Entries taken from a collection:
※
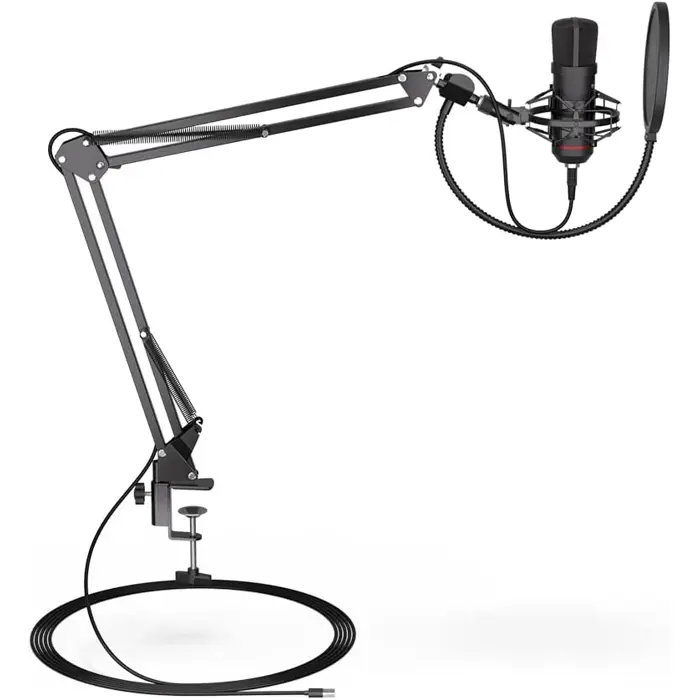 endorfy-solum-microphone-black-usb-c-33912-ey1b001-w.webp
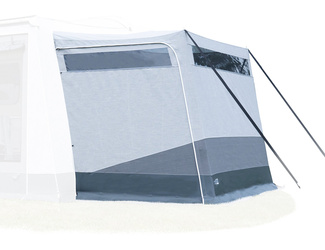 Nakładka Buddy do zestawu markiz WIGO Rolli Plus Ambiente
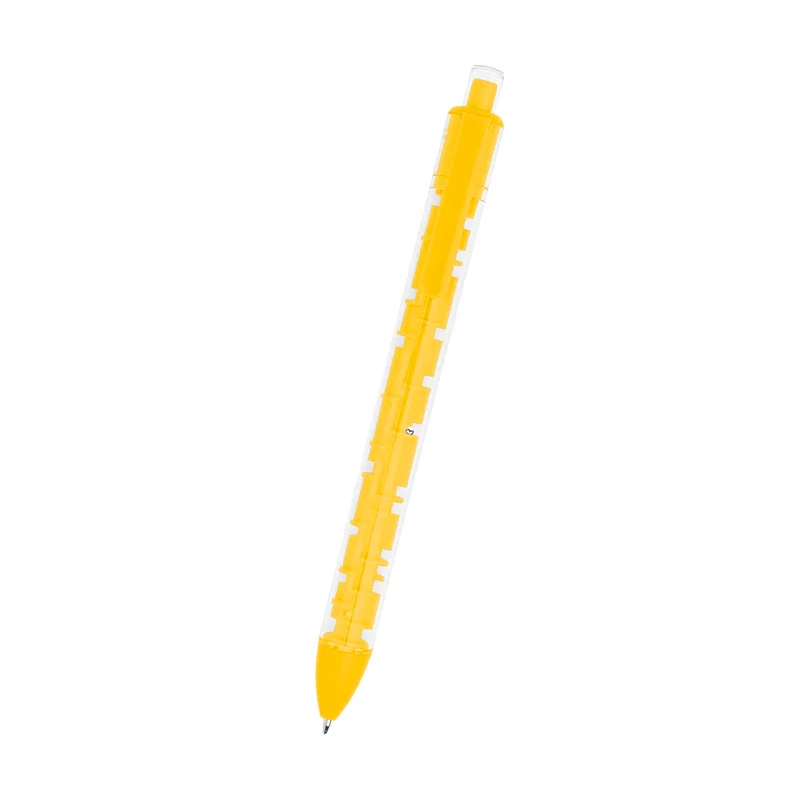 A-Maze Me Pen — view 15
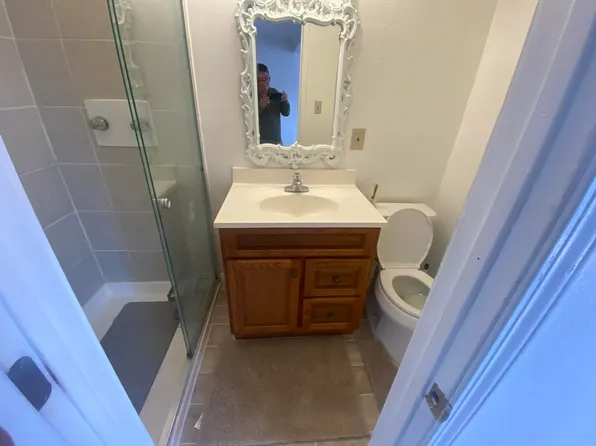 2525 Duke Ave, Richmond, CA 94806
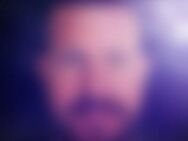The*** - Willich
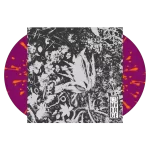 Converge - The Dusk in Us (Edición Deluxe) - Imagen 2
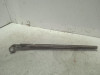  BRAZO LIMPIA TRASERO AUDI A3 (8P1) 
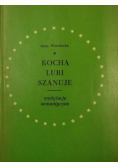 Kocha lubi szanuje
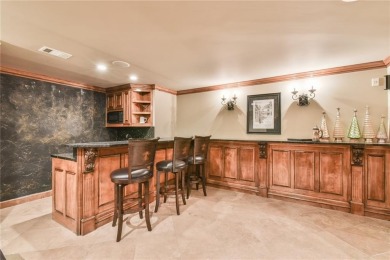 An extraordinary opportunity awaits at 2111 Broadfield Run, a on TPC At Sugarloaf Golf Club in Georgia - for sale on GolfHomes.com, golf home, golf lot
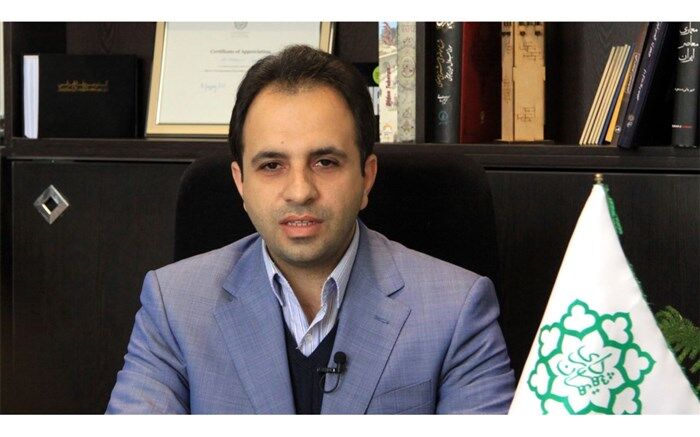 جزئیات تعیین تکلیف ساختمان‌های ناایمن منطقه 12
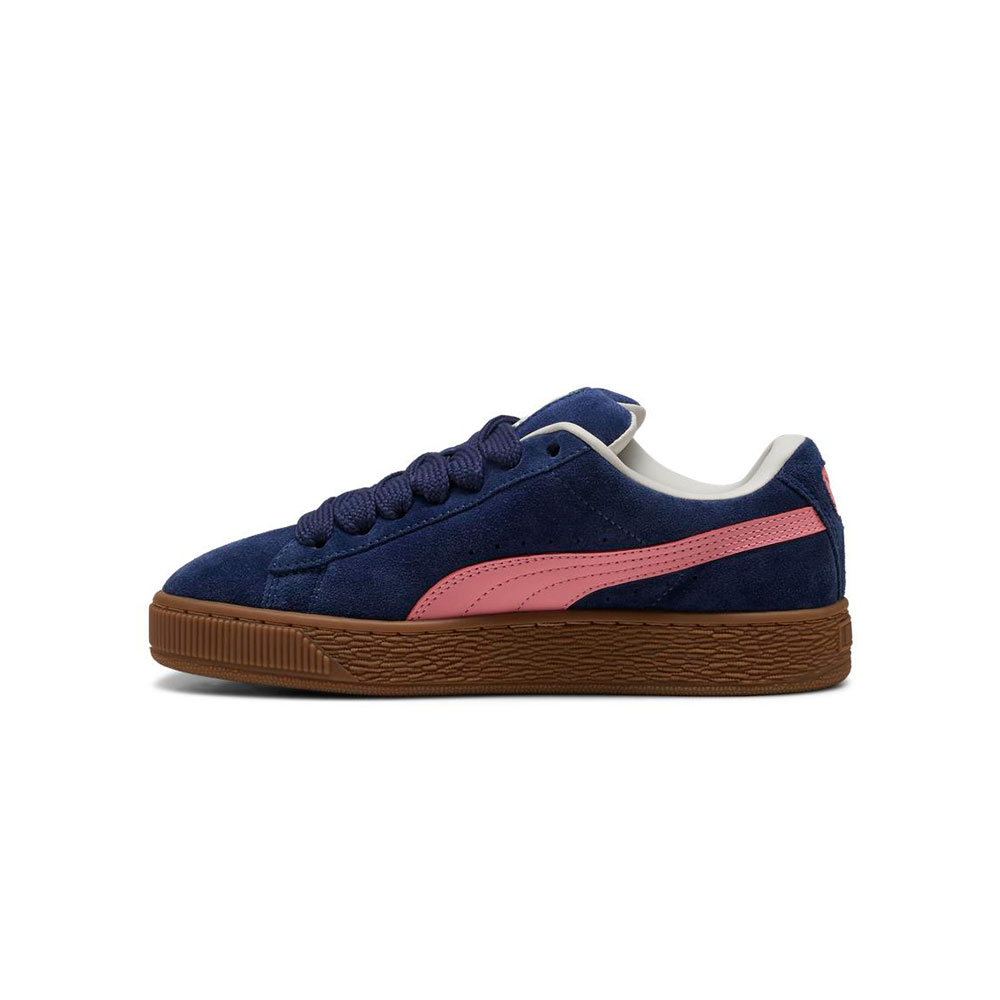 Suede Xl Puma MULTICOLOR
※
- [What is needed]
Give back, word for word, the lines from the one with "The*** - Willich" to the end of the records above, and no pictures.

- [Exercise answer]
The*** - Willich
 Converge - The Dusk in Us (Edición Deluxe) - Imagen 2
  BRAZO LIMPIA TRASERO AUDI A3 (8P1) 
 Kocha lubi szanuje
 An extraordinary opportunity awaits at 2111 Broadfield Run, a on TPC At Sugarloaf Golf Club in Georgia - for sale on GolfHomes.com, golf home, golf lot
 جزئیات تعیین تکلیف ساختمان‌های ناایمن منطقه 12
 Suede Xl Puma MULTICOLOR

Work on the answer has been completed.